How Conservative Is Dan Liljenquist?
The number one issue facing our country is federal spending and its resulting debt, particularly entitlement spending and the unfunded promises our Congress has stacked a mile high. Dan Liljenquist is the only candidate in the Utah senate race who has shown the courage to fix entitlement spending. His conservative bona fides are beyond reproach.
There is one group in Utah who claims to differ. They call themselves Grassroots Utah, and they’ve been issuing grades to the Utah Legislature since 1992. They’ve given Dan Liljenquist a lifetime score of just 63%. This score includes a supposedly inexcusable 50% in 2009.
Despite their longevity, I’d never even heard of Grassroots Utah until just a few weeks ago. Consequently, I’ve spent some time taking a close look at their data and methodology.
Out of 800 bills introduced each year, Grassroots chooses 20 to score, or 2.5% of the bills. One of the first things I noticed was that, on these handful of votes at least, our overwhelmingly conservative legislature also overwhelmingly disagrees with Grassroots. The lifetime score of the legislature as a whole is just 54%. Governor Jon Huntsman’s paltry score of 39% dwarfs that of our noted “liberal” governor Mike Leavitt, who accumulated a lifetime 27% rating. Governor Leavitt was reelected in 1996 with the largest vote total in state history, was only the second Utah governor elected to a third term, and was a hugely popular conservative governor for a full decade. If he couldn’t crack even the 30% mark in Grassroots’ ranking, something is seriously wrong. Perhaps even more telling is that when a handful of Utah’s most conservative legislators organized the Patrick Henry Caucus a few years ago, one of its founding members had a lifetime score of just 58%. In other words, the most conservative members of our conservative legislature can’t even get a passing grade. That is head scratching to say the least.
A close look at their 2009 report reveals why Grassroots’ rankings don’t make much sense.
House Bill 12 was the first vote on which Grassroots differed with Dan Liljenquist. Dan voted for it and Grassroots dinged him on it. The bill requires that county sheriffs actually be certified police officers. Not surprisingly, it passed with 76% of the vote, and even had the support of Grassroots’ second highest rated Senator. It’s a common sense, conservative bill with overwhelming conservative support. Yet Grassroots would have voted no.
Another glaring example is Senate Bill 16. It gave our police more tools to combat gang activity. It passed on a 25-2 vote, and the only two no votes were from Democrats. Yet this is supposed to prove Liljenquist isn’t conservative? It simply does not make any sense.
As I went through the last few years of rankings, these bills were just two examples of an overriding theme. On the great majority of votes, Grassroots is on the opposite side of mainstream, conservative Utahns. And not only that, but they somehow inexplicably failed to include two of the most fiscally conservative bills to come out of the Utah Legislature in the last three years. The 2010 pension reform bill saved the state $400 million per year, for two and half decades. The 2011 Medicaid reform bill is projected to save the state $770 million over the first seven years alone. These two bills helped Dan Liljenquist garner numerous legislative awards, including being named the Taxpayer Advocate of the Year two consecutive years and Governing magazine’s Public Official of the Year.

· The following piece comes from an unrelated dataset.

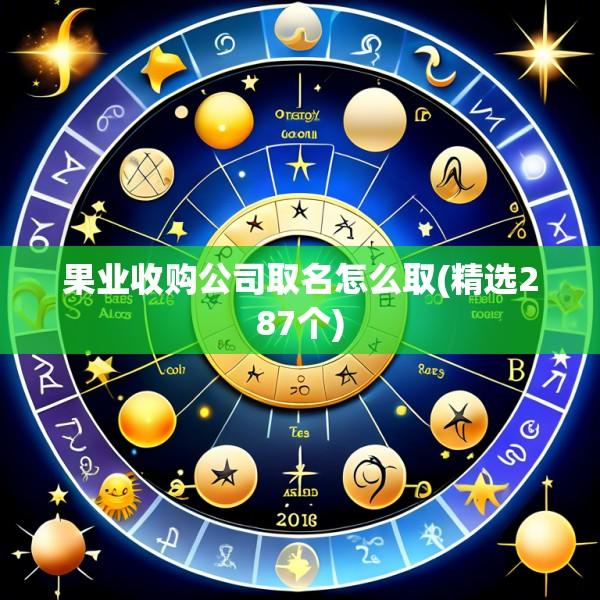 果业收购公司取名怎么取(精选287个)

These reforms were touted in national conservative publications like the Wall Street Journal and National Review Online and held up as models of conservative fiscal reform for the rest of the country to follow. And yet somehow these aren’t even included on a local conservative rating scorecard? When respected, nationally renowned conservatives and conservative policies can’t get passing grades, clearly something is amiss with the Grassroots scorecard.